Tegenwoordig worden twee soorten Protosphyraena herkend uit het Niobrara-krijt van de westelijke Verenigde Staten: Protosphyraena nitida en Protosphyraena perniciosa. Een extra soort, Protosphyraena bentonianum, werd in 1898 benoemd door Albin Stewart op basis van een exemplaar van de oudere Lincoln-afzetting van de Greenhorn-kalksteen (Laat-Cenomanien). Misschien zijn de oudste overblijfselen van Protosphyraena in Noord-Amerika afkomstig uit de bovenste beddingen van de Dakota Sandstone (Midden-Cenomanien) in Russell County (Kansas) (Everhart, 2005; p. 91).
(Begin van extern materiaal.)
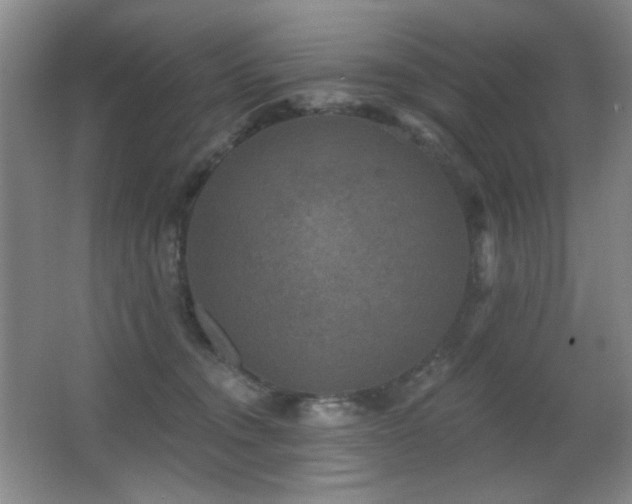 X0000066990372200603241322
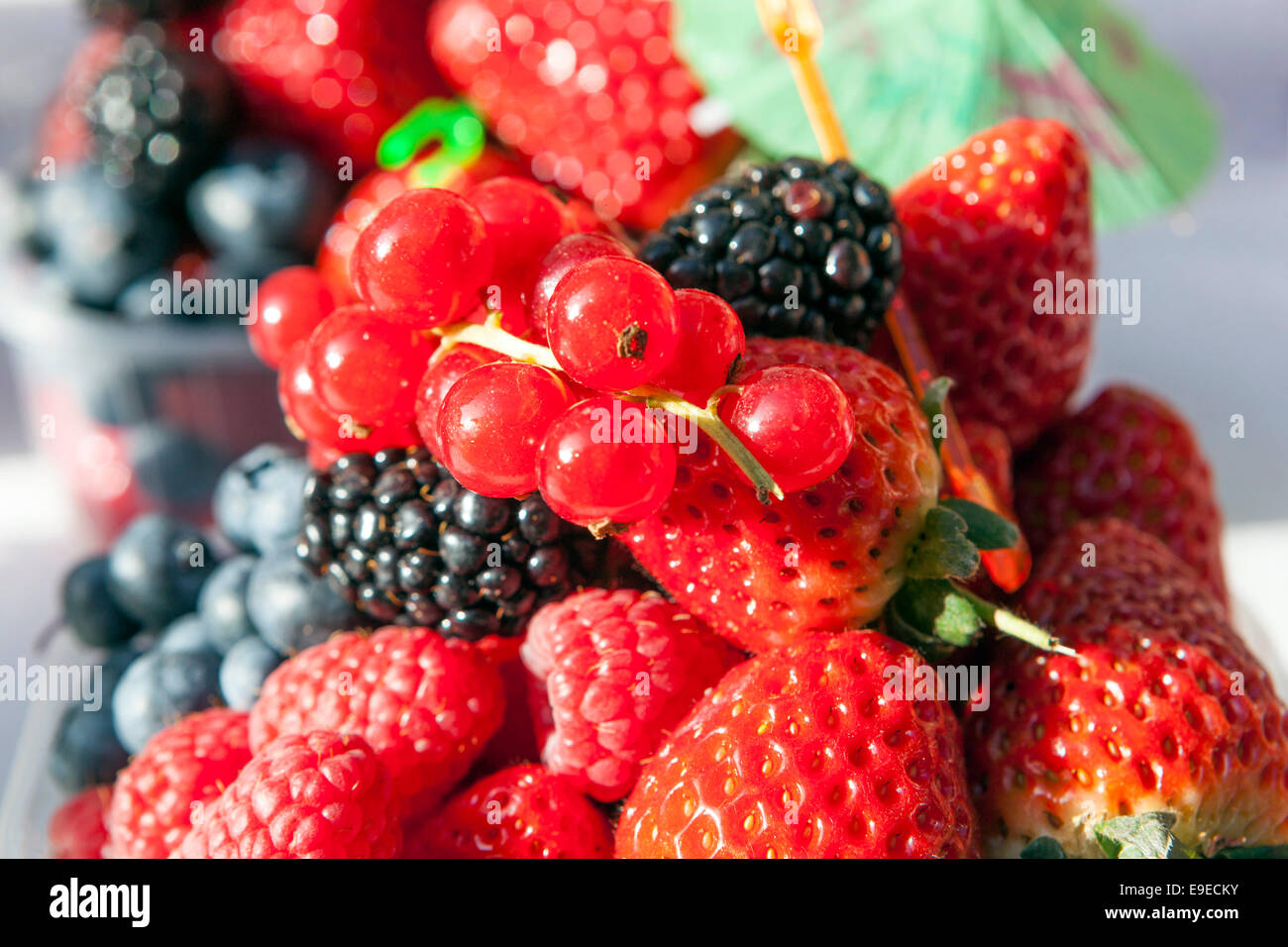Verschiedene bunte Beeren Blackberry Erdbeeren Himbeeren Heidelbeeren Stockfoto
Anatomie[bewerken | brontekst bewerken]

In het algemene lichaamsplan leek Protosphyraena op een moderne zeilvis, hoewel hij kleiner was met een kortere rostrum, iets minder hydrodynamisch was en volwassenen grote bladachtige tanden bezaten (volwassenen van levende zwaardvissoorten zijn tandeloos). Volledige skeletten van Protosphyraena zijn relatief zeldzaam, maar in delen van het Niobrara-krijt, de Mooreville-krijtformatie van Alabama en andere geologische formaties, zijn fragmentarische exemplaren vrij algemeen en bevatten ze meestal geïsoleerde tanden, het kenmerkende rostrum en fragmenten van de lange zaag-gerande borstvin voor het eerst beschreven door Mantell. Gewoonlijk worden delen van de schedel en het postcraniale skelet afzonderlijk gevonden. Deze voorkeur voor conservering kan worden verklaard door het feit dat het skelet van Protosphyraena minder verbeend was dan dat van de meeste beenvissen en de neiging had om door aaseters of verval te worden verscheurd voordat het werd begraven en gefossiliseerd (Everhart, 2005; p. 93). Zoals de meeste van de mariene fauna van het Krijt, stierf Protosphyraena aan het einde van het Mesozoïcum uit; de gelijkenis met de levende zwaardvis is blijkbaar het gevolg van convergente evolutie.